Allah’a inanmayan veya inanıp O’nun emir ve yasaklarına uymayan kişilere verilen ceza anlamına gelen azabın sürekli olup olmadığı meselesi, kelâm bilginleri arasında tartışılmıştır. Allah’ın lûtuf ve merhametine yakışmayacağı ve hikmetle bağdaşmayacağı gerekçesiyle onu inkâr eden aşırı Mürcie’ye mensup bazı kişiler dışarıda bırakılırsa İslâm âlimlerinin büyük çoğunluğu, kâfirlerle günahkâr müminlerin âhirette azap göreceklerini kabul etmektedirler. Bunlara göre Allah’ın lûtfu yanında adaleti de söz konusudur ve Kur’an’da bu esasa sıkça vurgu yapılmaktadır. İnsanları kötülük işlemekten caydırmak ve adaleti tesis etmek için ceza bir araçtır. Allah Teâlâ da cennet ödülü yanında cehennem azabından ve orada cezalandırılacak kişilerden sıkça söz etmektedir.

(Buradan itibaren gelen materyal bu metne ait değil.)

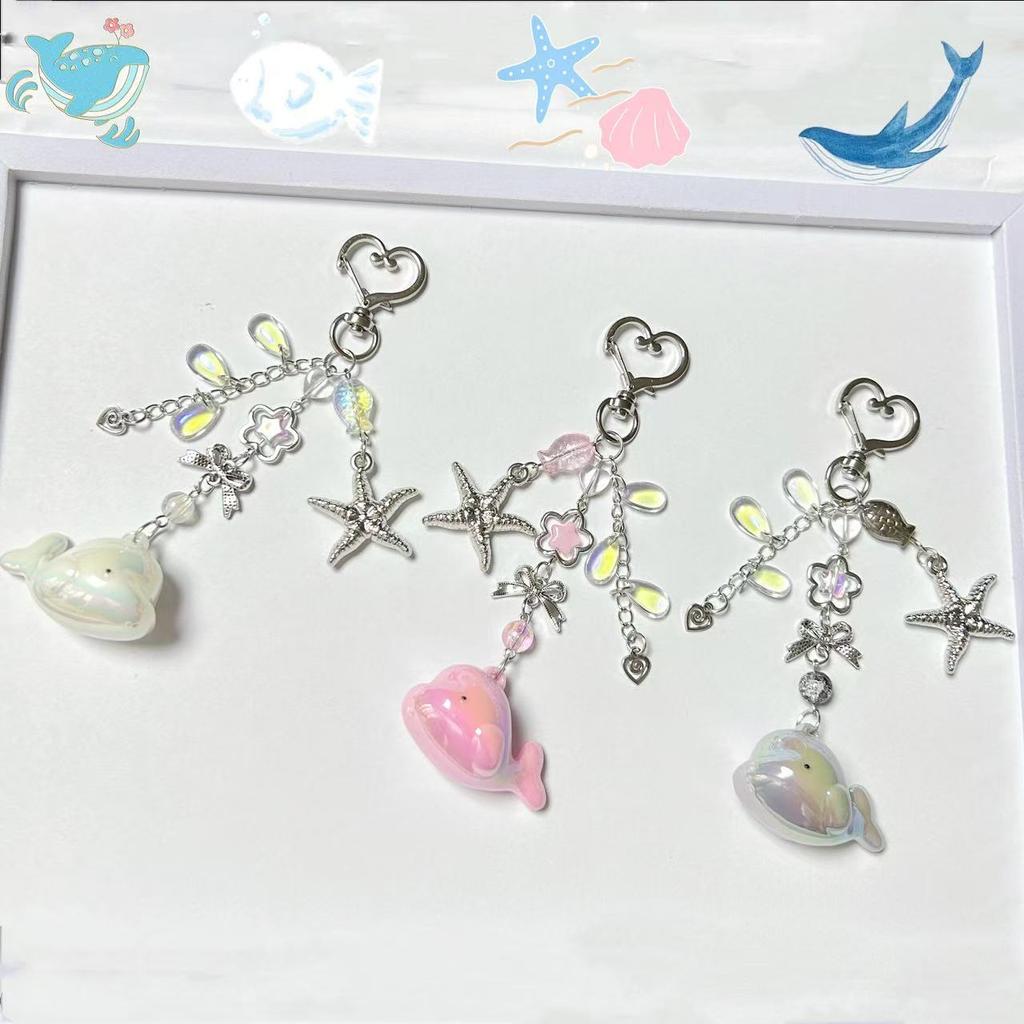 Y2K Whale Shell Starfish Lanyard Phone Charms Ins Style Beaded Keychain Mobile Phone Camera Charms for Girl Gifts
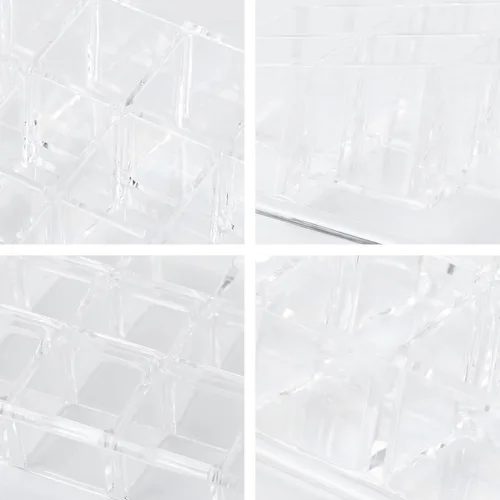 Vista 3 de SHERCHPRY Acrylic Lipstick Organizer Box 24-Grid 3X8 Multigrid Makeup Holder Cosmetic Storage Case Desktop Display Rack for Lipstick and Nail Polish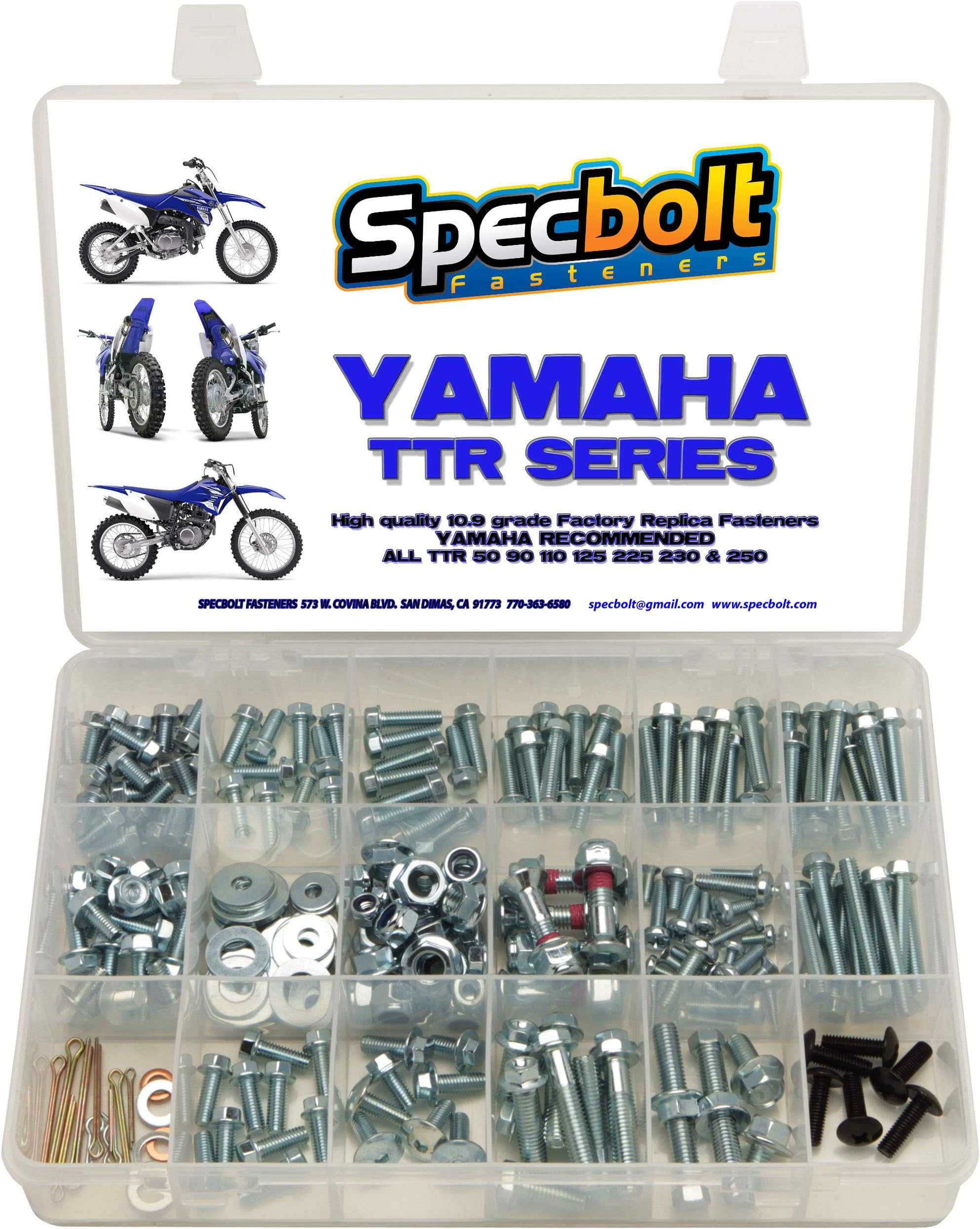 250pc Specbolt Bolt Fasteners Kit Fits: Yamaha TTR for Maintenance Restoration Factory Spec Fasteners TTR50 TTR80 TTR90 TTR110 TTR125 TTR225 TTR250 TTR600 50 80 90 110 125 225 250 600 XT PW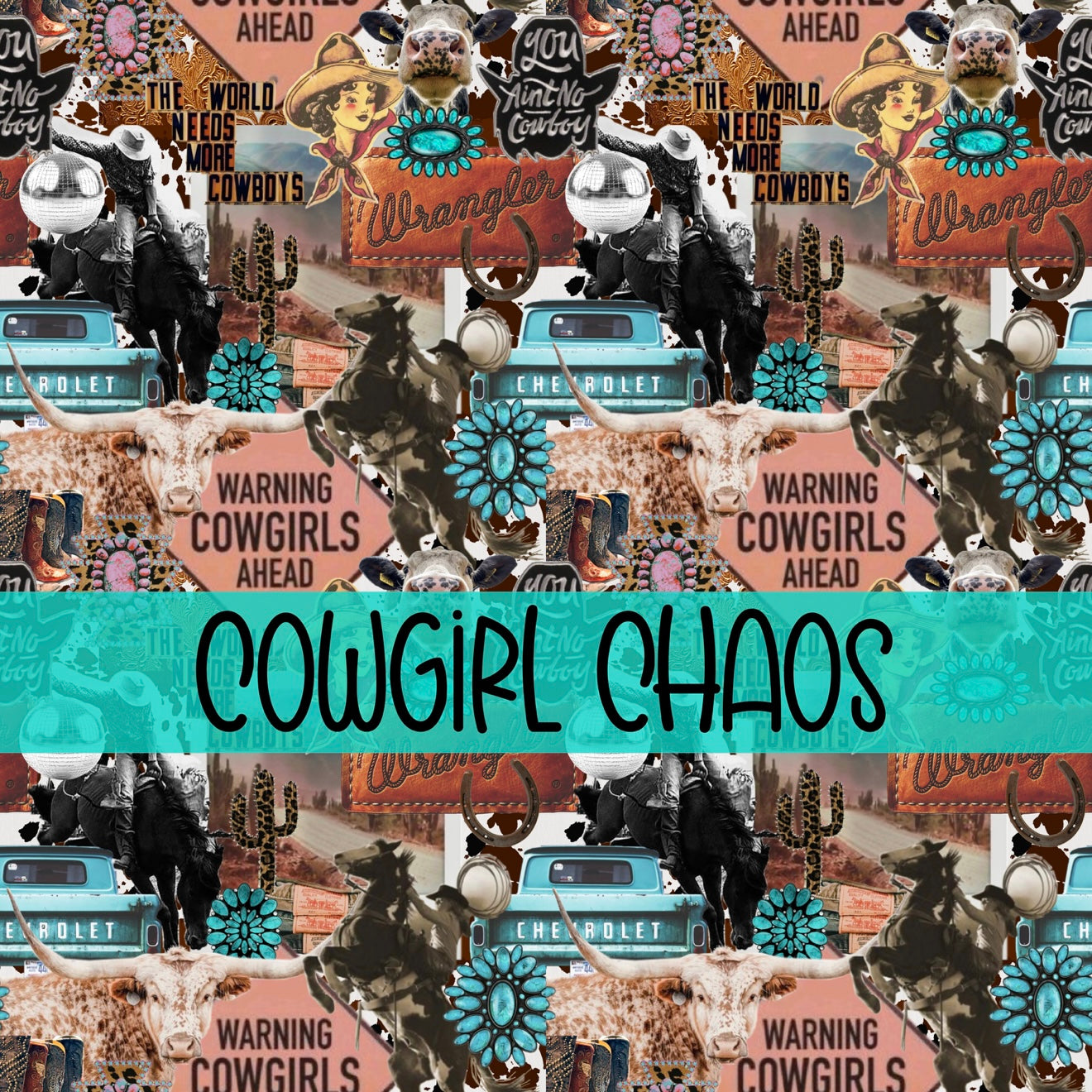Cowgirl Chaos | Seamless PNG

Cehennem azabının sürekli olup olmadığı konusunda şu görüşleri sıralamak mümkündür:

  1. Mu’tezile ve Hâricîler’e göre cehenneme giren bir daha oradan çıkmaz ve ebedî olarak orada azap görür.

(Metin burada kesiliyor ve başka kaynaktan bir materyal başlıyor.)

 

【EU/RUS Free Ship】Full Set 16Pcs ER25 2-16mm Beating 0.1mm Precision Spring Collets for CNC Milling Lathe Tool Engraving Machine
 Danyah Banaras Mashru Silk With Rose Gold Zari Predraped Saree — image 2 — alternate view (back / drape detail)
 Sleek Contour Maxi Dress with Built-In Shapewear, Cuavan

  2. Hişâm b. Hakem, Ebü’l-Hüzeyl el-Allâf ve Muhyiddîn İbnü’l-Arabî’nin de içinde bulundukları bazı düşünürlere göre cehenneme girenler içinden müslüman olanlar bir müddet sonra oradan çıkarılarak cennete konulurlar. Kâfir olanlar ise bir müddet daha azap gördükten sonra bir nevi bağışıklık kazanırlar ve cehennemde oldukları hâlde elem duymazlar.
  3. Sahâbe, tâbiîn ve tebeu’t-tâbiînden bazıları ile İbn Teymiyye ve ona tâbi olan kişilere göre cehennem azabı ebedî olmayıp, bir müddet sonra sona erecek ve insanlar oradan çıkarılacaklardır.

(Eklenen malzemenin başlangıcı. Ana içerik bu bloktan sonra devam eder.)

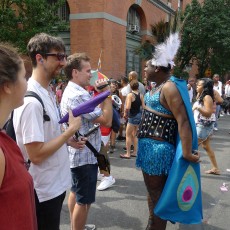 RU staff/artist interviewing Pride participants
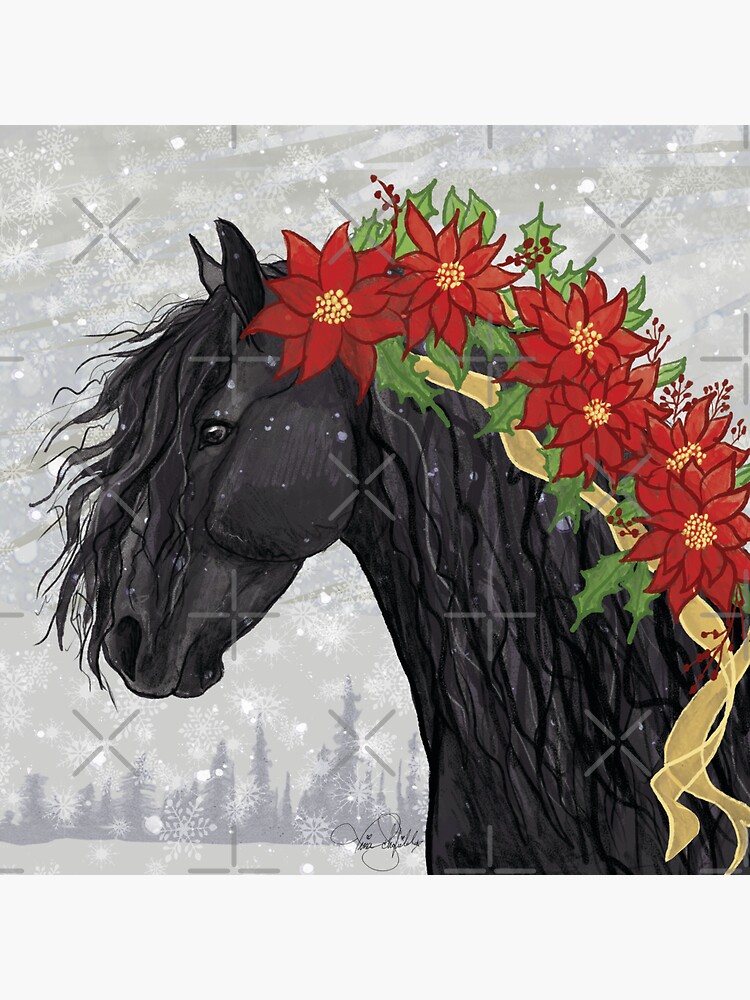Poinsettia Black Stallion Horse by tinaschofield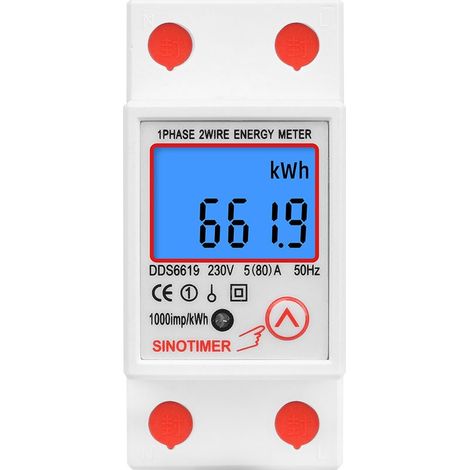 DDS6619-012 Compteur électronique monophasé multifonction - Affichage LCD rétroéclairé - Rail DIN - 5-80A 230V - Dimensions : 7.83.56.5cm (1/5)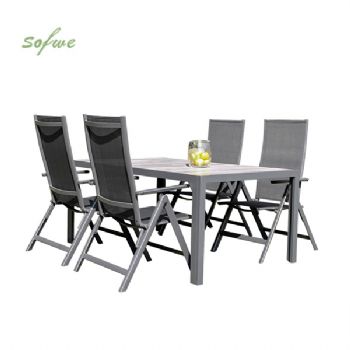 5-teiliges Garten-Essmöbel-Set aus Aluminium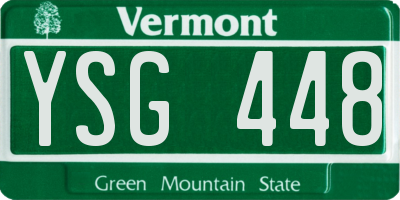 VT license plate YSG448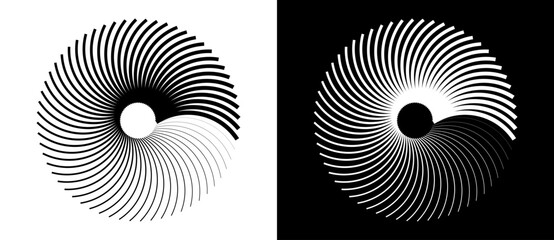Poster - radial lines of different thickness, as a logo or abstract background. a rotating circle like a load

  4. Ehl-i sünnet’e göre ise cehennemliklerden mümin olanlar bir müddet sonra oradan çıkarılırlar, kâfirler ise orada ebedî olarak azap görmeye devam ederler.

Sınırlı dünya hayatında işlenen küfür ve günahlar dolayısıyla âhirette sürekli azabın adaletle bağdaşıp bağdaşmayacağı meselesine gelince; onun sürekli olduğunu savunanlara göre Allah’ı inkâr etmek, O’na bilinçli bir şekilde karşı koymak ve hükümranlığını reddetmek anlamına gelir ki bu, bir anlık gaflet ve ayağın sürçmesi olarak vasıflanamaz. Dolayısıyla Allah’ın bu evreni yaratması, hayat bahşetmesi ve esirgemesi ne kadar büyük bir olay ise, bunları reddetme de o kadar büyük bir suçtur.